Cecilia fece saltare il tappo mentre Diana proteggeva la testolina di Flavio con una mano e gli altri svuotavano i calici; quando tutti ebbero appoggiato i bicchieri sui tavoli, Cecilia li riempì.
Brindarono.
– Veloci, dài, sennò si guasta, – disse Valerio.
– Tieni, vegetariana, – disse Manlio prendendo l’ultimo cucchiaino rimasto sul tavolo e porgendolo a Cecilia. Cecilia baciò di nuovo Manlio sulla guancia, vicino alle labbra.
– Ehi, vacci piano! – le disse Lavinia, e risero tutti.
Si riunirono in cerchio attorno alla testa di Ferruccio. Cecilia immerse il cucchiaino nel cervello di Ferruccio, ritagliò una piccola porzione, poi affondò, e mosse orizzontalmente, per separarla, e se la portò alle labbra.
– Eeeh! – fecero gli altri, e anche loro cominciarono a servirsi.
Diana fece il gesto di avvicinare il cucchiaino con una particola di cervello alla bocca di Flavio.
– Diana! – gridò Lavinia, – per favore!
Risero tutti di nuovo.
Lavinia accarezzò il minuscolo braccio di Flavio, prese un ciuffo di peli nerissimi tra le dita e se li rigirò.
– Mio Dio, senti come è morbidooo!
Cecilia sentì la bocca riempirsi di quel sapore agrodolce che la riportava così indietro nel tempo; guardò Flavio, e le voci degli altri le parvero attutirsi all’improvviso: certamente il piccolo sarebbe stato il loro ultimo dessert speciale, e forse qualcuno di loro non avrebbe visto quel giorno.

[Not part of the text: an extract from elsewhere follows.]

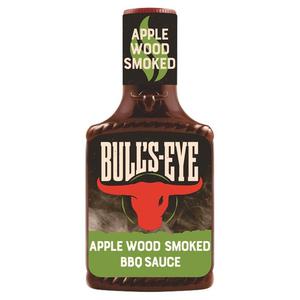 Bullseye Bull's-Eye Applewood Smoked BBQ Sauce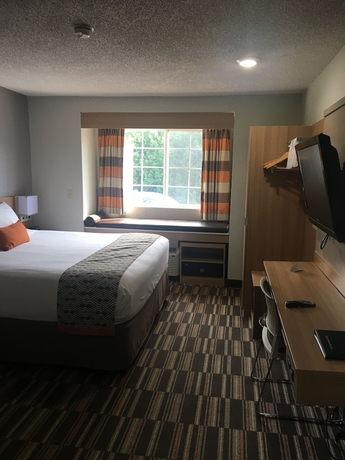 Imagen de la habitación del Hotel Microtel Inn and Suites By Wyndham Florence. Foto 6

Girò lo sguardo sui suoi amici, e fu come se vedesse per la prima volta i capelli striati di grigio di Diana, i muscoli ogni anno più sgonfi di Manlio, la pelle che si arrendeva attorno al mento di Lavinia, le rughe che si sprigionavano dagli angoli degli occhi di Valerio. E capì di non avere scampo.